Indigenous peoples have done planning since time immemorial. These ways of organizing social, cultural and natural worlds have often been overshadowed by European systems of planning. Although European systems of planning have contributed to the marginalization of Indigenous communities in Canada and other settler-states across the globe, many Indigenous communities have found that these systems can be adapted to suit their needs.
The Indigenous Planning Studio (Planning Studio IV) partners students with Indigenous communities who are reclaiming and reimagining planning in ways that contribute positively to the development of their communities. In the studio, City Planning students work with a First Nation on a project selected by the community. Projects have ranged from cultural mapping, land use planning, housing surveys and community planning.

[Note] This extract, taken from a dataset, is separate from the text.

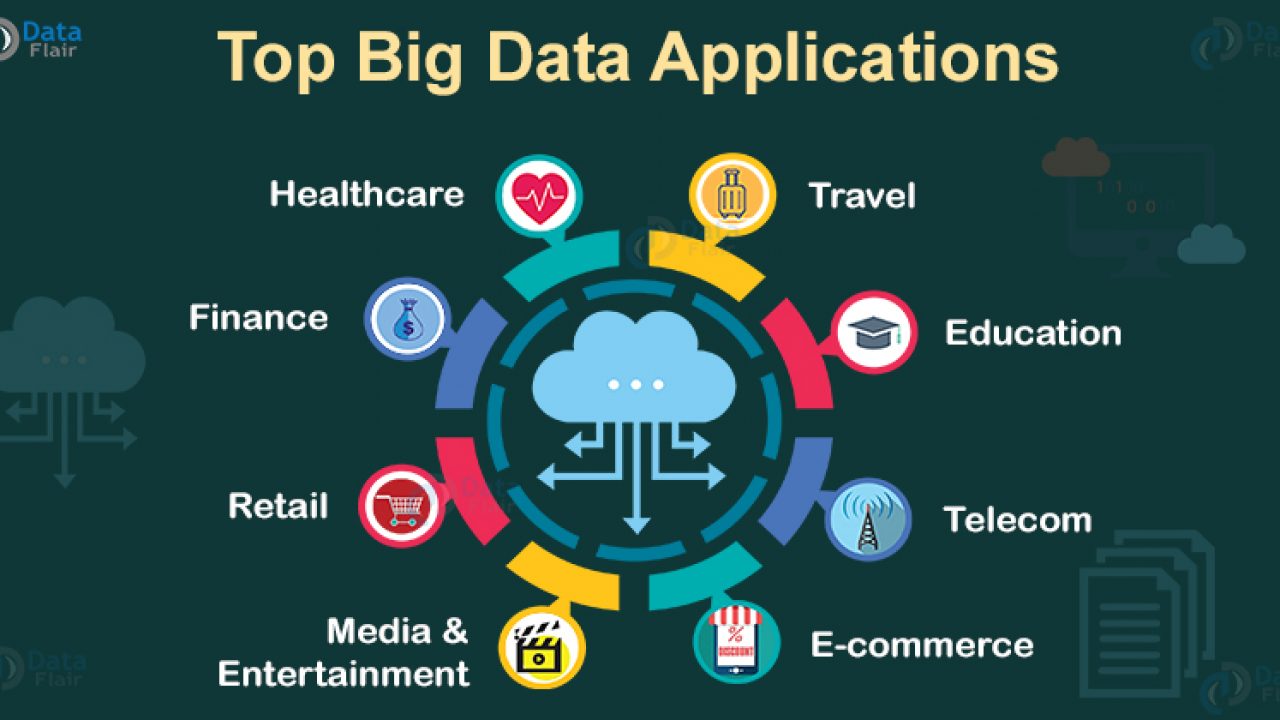 ServiceNow | Cybersecurity | Data Science | Augmented Reality | AI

Throughout the project work, students work closely with a community planning coordinator who ensures the First Nation maintains direct community control over how the planning project is developed and shared. Together, students and community members build knowledge and exchange skills and approaches.
The department has formally partnered with several Manitoba First Nations and engaged over 50 students since 2010. These partnerships often span several years.
The Indigenous Design & Planning Network is an informal association of First Nation partners, interested community members, students, technical experts, university faculty and others -- anyone with a passion to learn, share, and network about planning. Facilitated by the Department of City Planning, the Network creates opportunities to share and build planning knowledge.
The Department of City Planning also helps to coordinate Network Gatherings, welcome past, current and potential partners to share knowledge and build on the momentum of community planning initiatives taking place in communities.